Song of the Day 12/15: Diana Krall, “Christmas Time Is Here”

Yesterday I said “Have Yourself a Merry Little Christmas” was the saddest Christmas song, and Nathan Arizona nominated this one as a challenger. He’s almost right — almost. This is the most depressing Christmas song, which is a little different. Lee Mendelson’s lyrics list the subtle joys of the season, all undercut by the melancholy of Vince Guaraldi’s melody. That made it perfect for the opening of “A Charlie Brown Christmas,” the 1965 animated special — it plays over the opening credits scene of children ice skating just before Charlie Brown tells Linus how the season makes him depressed. With her affectless delivery, jazz pianist/singer Diana Krall captures the emotion perfectly.

The lasting success of the project — both the TV special and its accompanying soundtrack album remain Boomer Christmas standards — surprised almost everyone involved with it. The entire production was rushed into existence in six months, and wasn’t completed until days before its initial broadcast. It had no laugh track, its pace was slow, its tone subdued and its animation crude even by the lowered standards of the day. Even worse, Charles Schulz insisted on having Linus recite the Annunciation to the Shepherds from the second chapter of the Book of Luke at a time when religion was anathema to network executives — and made it the climax of the plot, so it couldn’t be edited out. The network and even the producers expected a big-time flop. Mendelson, who was actually the show’s producer, not a lyricist, never grew accustomed to its enduring popularity.

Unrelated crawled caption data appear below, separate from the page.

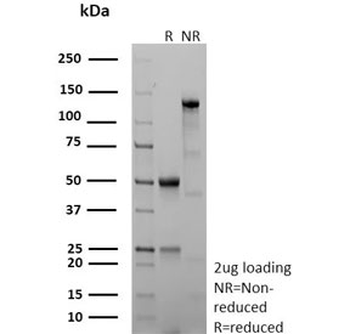 Recombinant CD40 Antibody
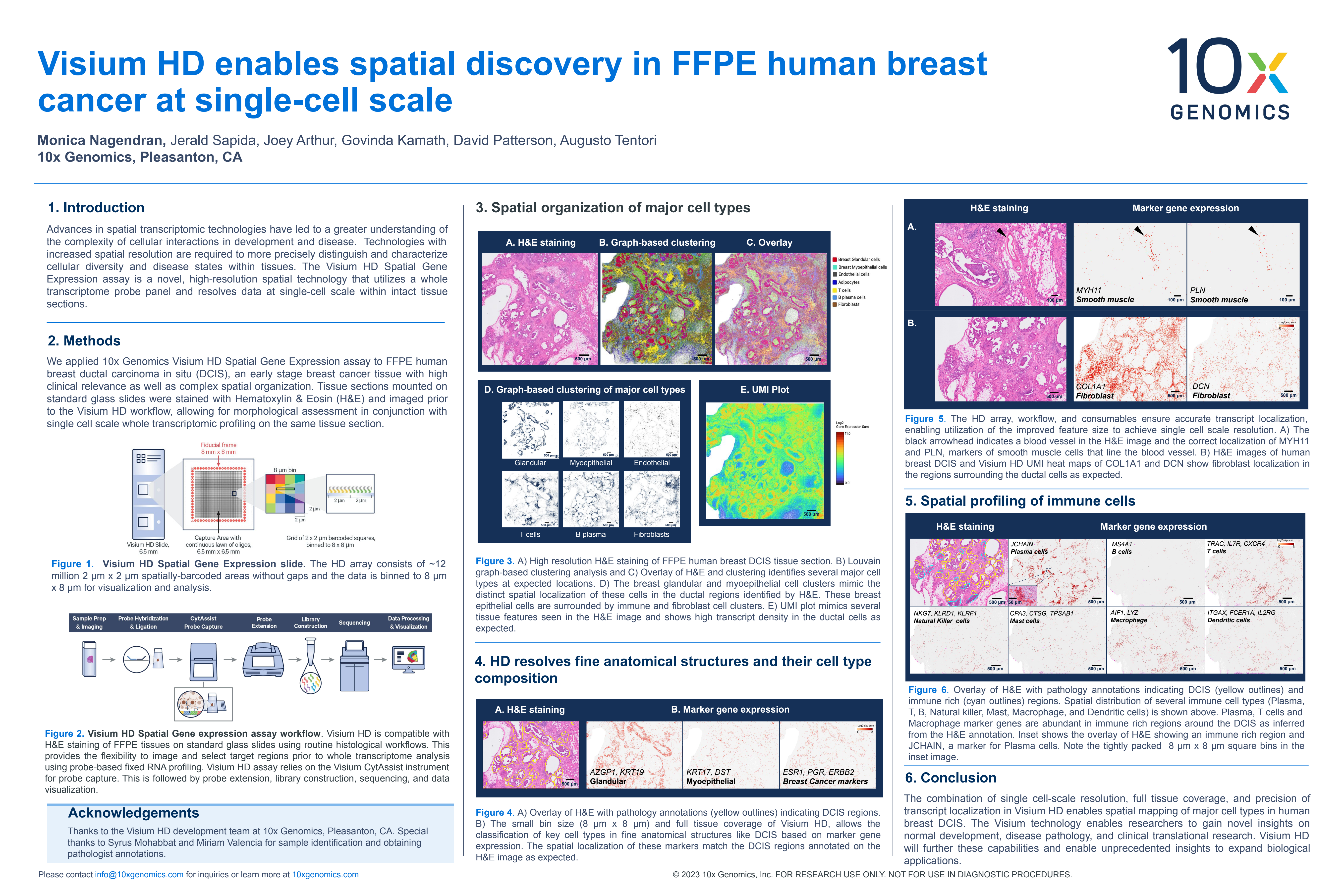Visium HD enables spatial discovery in FFPE human breast cancer at single-cell scale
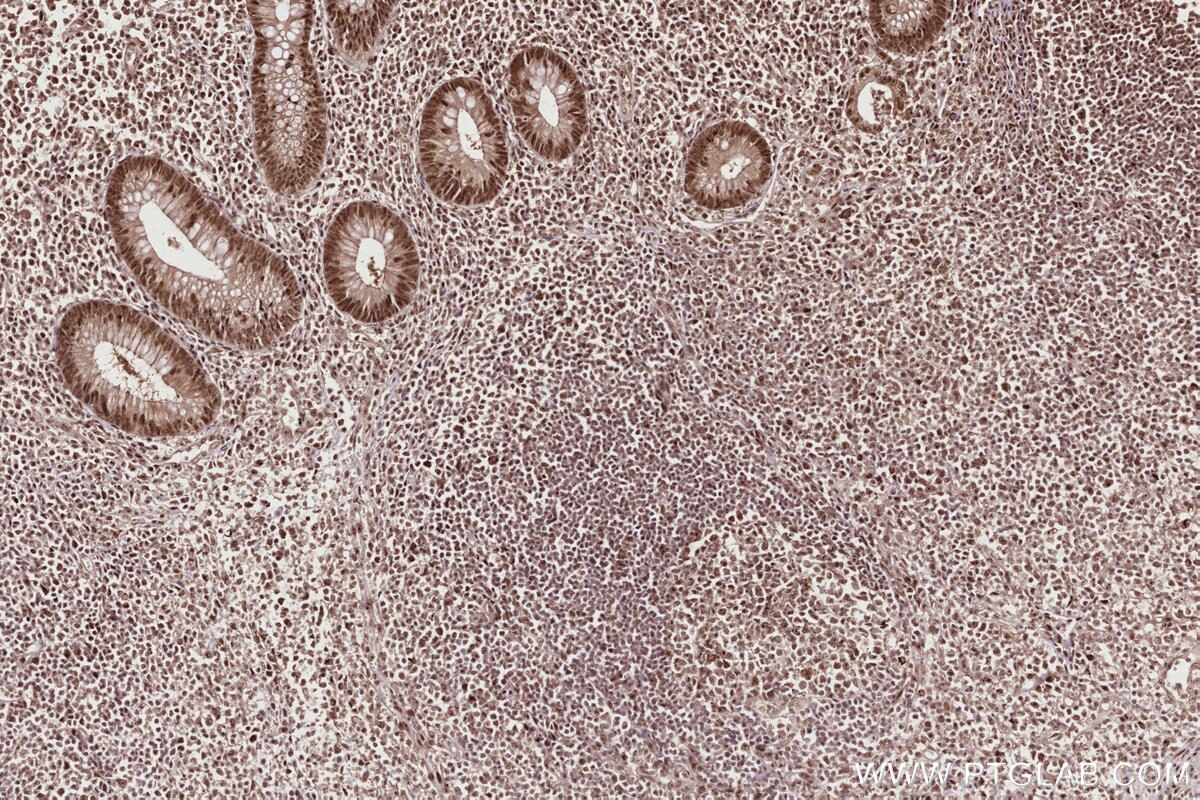 Immunohistochemical analysis of paraffin-embedded human appendicitis tissue slide using KHC2722 (SSH3 IHC Kit).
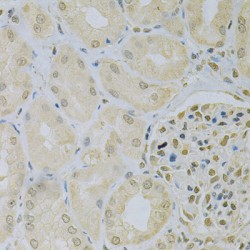 Calcium/Calmodulin Dependent Protein Kinase Type 1D (CAMK1D) Antibody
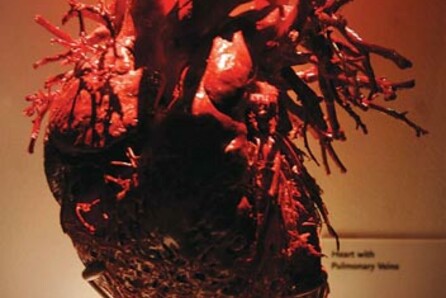 «BODIES»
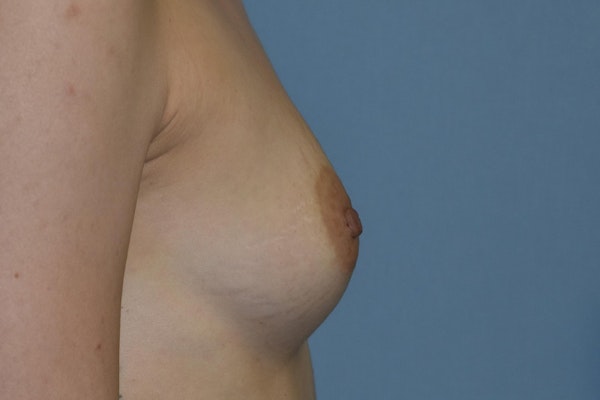 Breast Augmentation Before & After Gallery - Patient 173568876 - Image 5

“The whole thing from beginning to end has been surreal,” Mendelson said. “The fact that it’s become such a permanent part of the holiday season is surreal. And every time I hear it on the radio, or I hear it in a store, or someone says, ‘wah, wah, wah,’ I realize we’re very lucky to have been associated with Mr. Schulz and his characters. It all comes back to his characters, and his philosophy, and his humor.”

Mendelson became a lyricist by necessity, not choice. “[Vince] Guaraldi had written a very beautiful melody for the opening skating scene, but about two weeks before it was about to run on the air, I thought, ‘Maybe we could get a lyricist to put some words to this,’ ” Mendelson told Rolling Stone in 2015. “I called a few lyricist friends of mine, and everyone was busy. So I sat down at my kitchen table and I wrote out a few words, and we rushed it to the choir that Vince Guaraldi had been working with in San Francisco. And he recorded it, and we got it into the show about a week before it went on the air.”

Vince Guaraldi died of a heart attack in 1976 at the age of 47. Lee Mendelson was 86 when he passed away just last year — on Christmas day.